Restaurantes, nem se fala. Para o comensal exigente, o SoHo é um prato feito, porque em ¾ de milha quadrado come-se bem como em poucos lugares do mundo. Uma vantagem : está tudo condensado nestes poucos quarteirões. A grande maioria dos estabelecimentos capricha na apresentação da fachada, com toldos coloridos e bandeiras, janelões ou vidraças que vão até o chão,  se abrem para a calçada e possibilitam a clientela a sentar-se em pequenas mesas como se estivessem numa vitrine ou num palco. O esporte favorito, na hora das refeições, é ficar olhando para a rua e admirando o movimento.

Adicionar legenda
O comércio fecha em torno das sete e abre aos domingos. Algumas lojas, no entanto, têm dias específicos para um late closing (fechamento tardio), quando permanecem abertas até às 9 ou 10 da noite. Mesmo terminado o horário das compras, o movimento de pedestres nas ruas continua. Ninguém parece ter pressa de voltar para casa.  Os restaurantes, que tinham se esvaziados após o almoço, vão ficando novamente repletos - está na hora do happy hour, que acontece ao pé da letra neste bairro, e em vários lugares ao mesmo tempo. De maneira convencional ou à la SoHo - tomando uma sopa de legumes sentado na calçada na frente do Fanelli’s, ou do outro lado da rua, bebericando uma taça de champagne francês no sofisticado bar do The Mercer, onde a cor preta e cinza escura predomina em todos os trajes masculinos e femininos.

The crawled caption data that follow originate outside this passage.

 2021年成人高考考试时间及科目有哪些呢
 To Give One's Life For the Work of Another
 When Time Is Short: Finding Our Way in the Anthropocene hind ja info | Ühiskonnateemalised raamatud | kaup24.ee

E’ o final do expediente, quando emergem aqueles novaiorquinos da uptown Manhattan que, ao largar o trabalho, vêm tomar um drinque no ambiente boêmio do SoHo antes do jantar. Passam de um café para  um bistrô, do bistrô para outro bar, até se estabelecerem definitivamente em algum restaurante para jantar. A partir de uma determinada hora, digamos em torno das 9 e meia, não sobra mais espaço em canto nenhum, até mesmo para ficar em pé. E, assim, as ruas vão se esvaziando lentamente...




Mesa no The Kitchen
O The Mercer é um estabelecimento que merece as suas estrelas, não apenas pelo serviço primoroso, como graças à decoração original. No lobby, imensos  e confortáveis sofás pretos são emoldurados por uma extensa biblioteca, dando ao ambiente um  aconchego inusitado para um hotel. E’ como se você estivesse na sala de visitas de um amigo. As pessoas, hóspedes ou não, costumam sentar-se para ler jornais, conversar ou tomar um café. Ali dentro transita o que há de gente bonita e bem vestida, gente que costuma aportar lá em torno das 6 da tarde, logo após o expediente. Tomam drinques no bar, batem um papo e esticam no The Kitchen, o restaurante do hotel, que se encontra no subsolo. 

 Embora com diárias salgadas, de longe o hotel é o mais bem localizado. Mas, o único defeito são os quartos virados para a Mercer St. ou a Prince St.,  pois de madrugada o barulho dos caminhões de recolhimento de lixo perturbam o sono. Mesmo deixando de ter a fachada do museu Guggeinheim como vista, peça para ficar num dos quartos virados para o courtyard ( pátio interno), bem silenciosos.